Pouvez-vous nous parler d’un moment-clé de cette collaboration ?

Alors, le moment clé, pour moi, c'était quand l’équipe de la HETSL nous a présenté le modèle d'impact sur lequel elles et ils ont travaillé ; ça, c'était vraiment un des moments forts, parce que ça nous a permis de pouvoir mieux identifier ce que nous faisons, pourquoi nous le faisons, quel est le public cible, et quels sont les objectifs qui sont visés par cette démarche-là. Cela nous a permis d’avoir une vision plus construite et objectivée de ce projet.

De quelle manière la DGEJ a pu mobiliser cette évaluation dans le cadre du pilotage de ce dispositif ?

Une première utilité a été de comprendre que ce type de projet ne fonctionne que si tous les actrices et acteurs sont impliqué·e·s et ça, la recherche le montrait bien. Il faut vraiment la forte implication de tous les actrices et acteurs, autant du milieu scolaire que de l’éducation. Ça, c’est quelque chose auquel on on a été très attentifs par la suite.

Ensuite, il y avait la question des moyens qui étaient alloués au dispositif et on le voit dans le rapport, ça ressort, le fait que probablement les moyens qui étaient alloués à ce projet devraient évoluer avec le temps. Et ça a été l'occasion aussi de pouvoir le présenter aux politiques. Car une des questions des politiques était justement : quel est le taux optimal d’éducateurs en milieu scolaire ? Comment ça se calcule et quelles sont les bonnes pratiques qui ressortent de la littérature ? L’évaluation réalisée a permis de s'appuyer sur une démarche solide, scientifique pour faire évoluer le dispositif à terme.

« L’évaluation réalisée a permis de s'appuyer sur une démarche solide, scientifique pour faire évoluer le dispositif à terme. »
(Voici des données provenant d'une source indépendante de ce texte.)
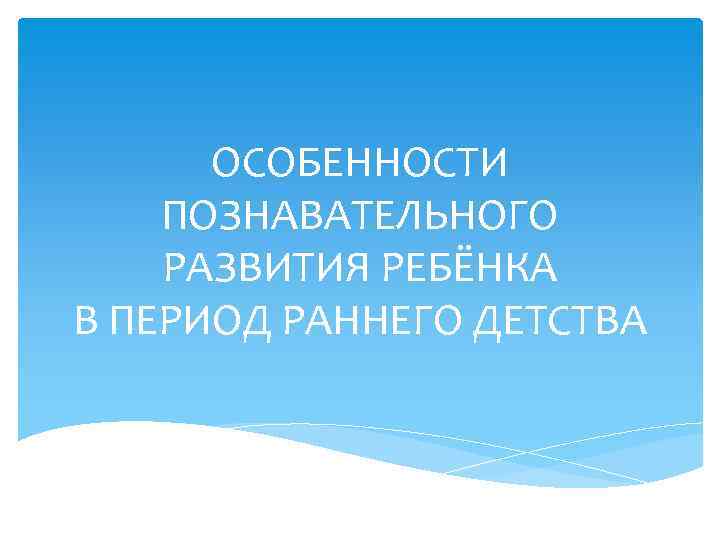 ОСОБЕННОСТИ ПОЗНАВАТЕЛЬНОГО РАЗВИТИЯ РЕБЁНКА В ПЕРИОД РАННЕГО ДЕТСТВА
Et, finalement, quelle utilité cette évaluation a pu avoir pour le développement des PEMS dans les autres régions ?

Ça a été un point de référence, notamment sur le rôle du responsable d'unité (RU). La Maison des Jeunes, qui a mis en place le projet pilote, est partie avec cette fonction de RU, qui n’était pas forcément prévue dans le concept de départ. Mais nous avons pu constater le rôle clé de ce RU qui coordonne, qui permet de pouvoir renforcer les éducatrices et éducateurs, quand il y en a besoin, qui fait du lien. C'était un des éléments qui ressortait du rapport. Car dans quelques régions scolaires, c'était compliqué pour les établissements scolaires qui se disaient : finalement, ça sert à quoi ce RU ? Il n’a pas suivi de de situation lui-même, etc. Donc on voit que certains PEMS ont dû faire reconnaître la spécificité du travail socio-éducatif, qui se fait beaucoup en équipe, par rapport au travail en milieu scolaire, qui est plus individuel. Nous nous sommes beaucoup appuyés sur le rapport pour démontrer la plus-value de ce rôle de RU. Si bien que dans le budget 2022 on l'a introduit dans chaque PEMS, et on l'a pérennisé ; c'est une fonction qui maintenant a trouvé toute sa légitimité du côté des établissements scolaires.

Finalement, on voit que la création de ces PEMS a bien abouti. Quand il y avait parfois des difficultés, on a renvoyé les pôles vers le rapport qui était rendu public, dans une volonté que les choses soient transparentes. Justement pour que celles et ceux qui le mettent en œuvre puissent s'inspirer du projet pilote qui avait été mis en place et évalué.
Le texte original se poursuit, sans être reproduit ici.